EXERCISE PROMPT.
In the listing below, a line holding "Weihnachts-Tischset mit Karomuster, Rentier" and a line holding "2016 Toyota 4Runner" mark the range. Retype both exactly, with all lines between them.

DATA RECORDS.
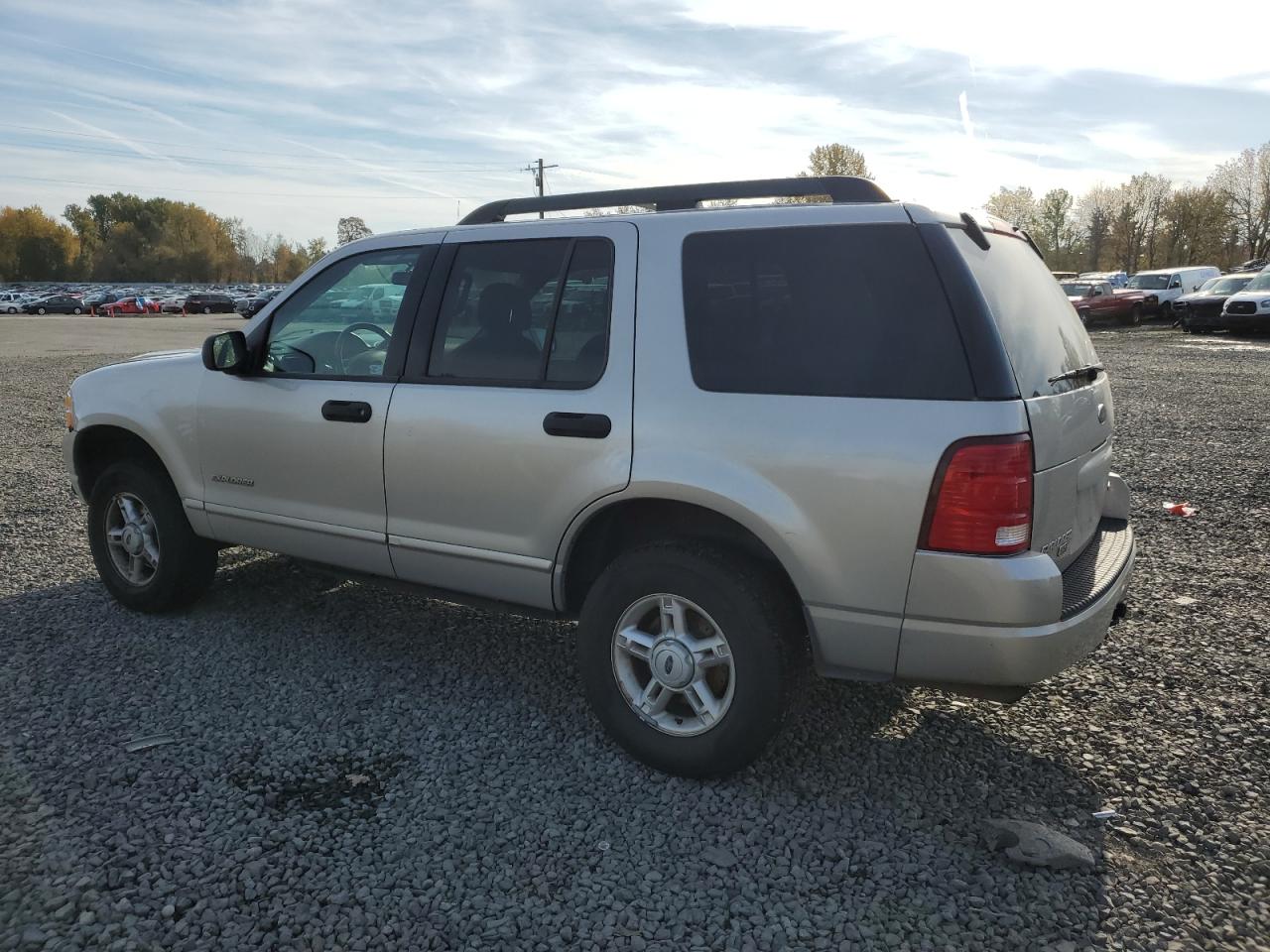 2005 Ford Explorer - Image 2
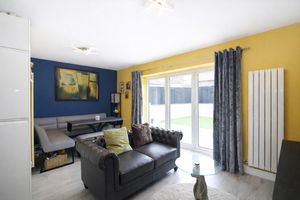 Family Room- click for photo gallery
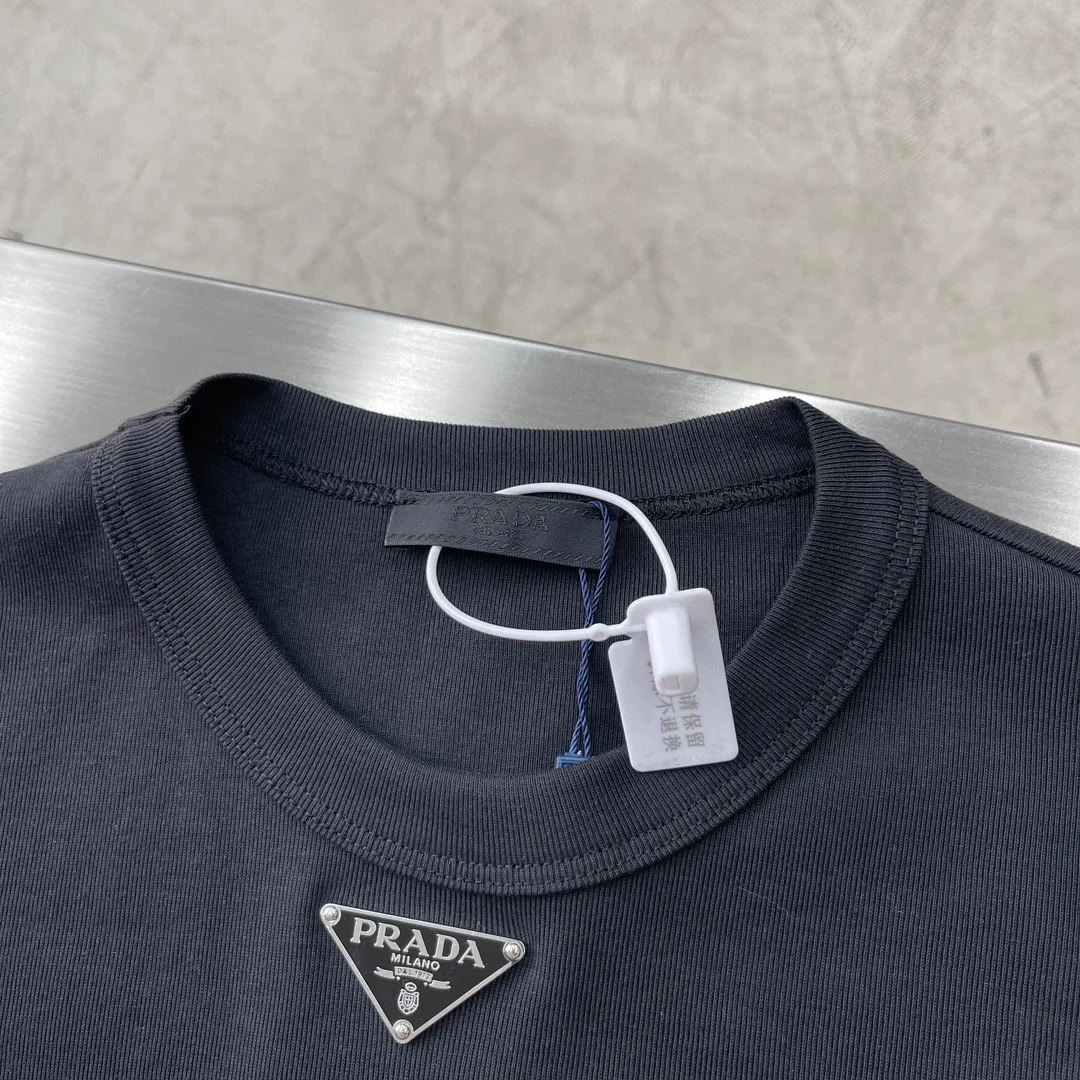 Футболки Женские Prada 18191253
...
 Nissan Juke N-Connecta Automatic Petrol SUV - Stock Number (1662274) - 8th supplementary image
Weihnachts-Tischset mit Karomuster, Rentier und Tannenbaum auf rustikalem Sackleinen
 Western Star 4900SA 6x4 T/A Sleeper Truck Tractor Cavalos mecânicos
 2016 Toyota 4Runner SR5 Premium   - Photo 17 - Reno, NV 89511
* * *
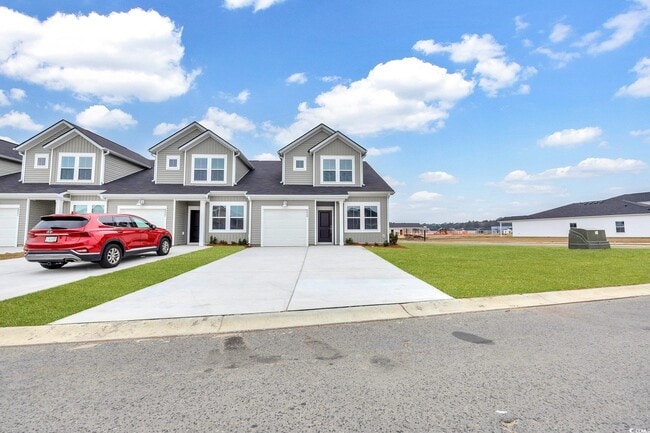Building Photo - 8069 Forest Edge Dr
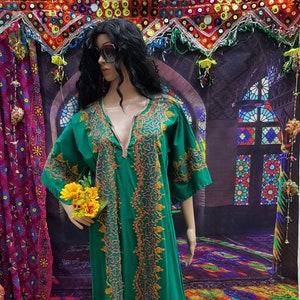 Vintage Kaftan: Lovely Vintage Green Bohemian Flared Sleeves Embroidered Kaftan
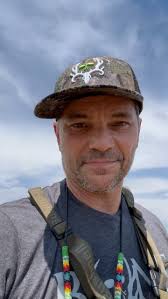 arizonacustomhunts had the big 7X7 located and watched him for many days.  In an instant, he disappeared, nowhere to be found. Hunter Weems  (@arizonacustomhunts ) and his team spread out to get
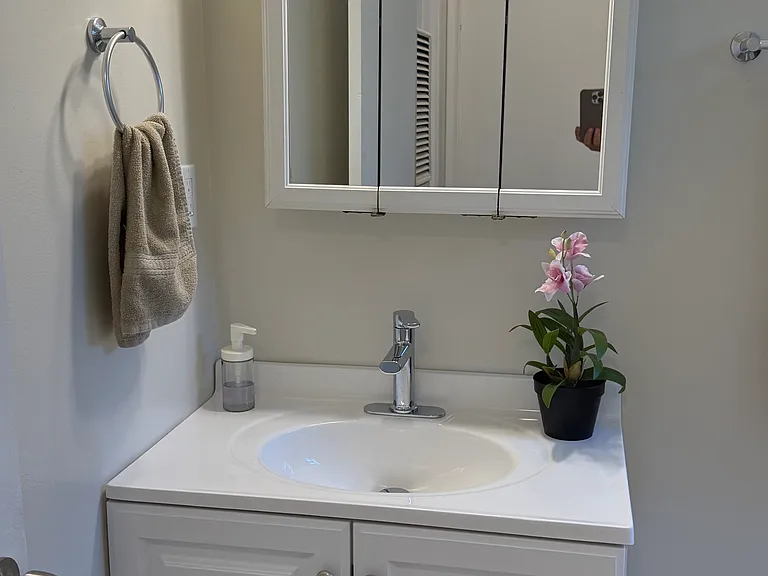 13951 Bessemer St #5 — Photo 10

ANSWER TO THIS EXERCISE.
Weihnachts-Tischset mit Karomuster, Rentier und Tannenbaum auf rustikalem Sackleinen
 Western Star 4900SA 6x4 T/A Sleeper Truck Tractor Cavalos mecânicos
 2016 Toyota 4Runner SR5 Premium   - Photo 17 - Reno, NV 89511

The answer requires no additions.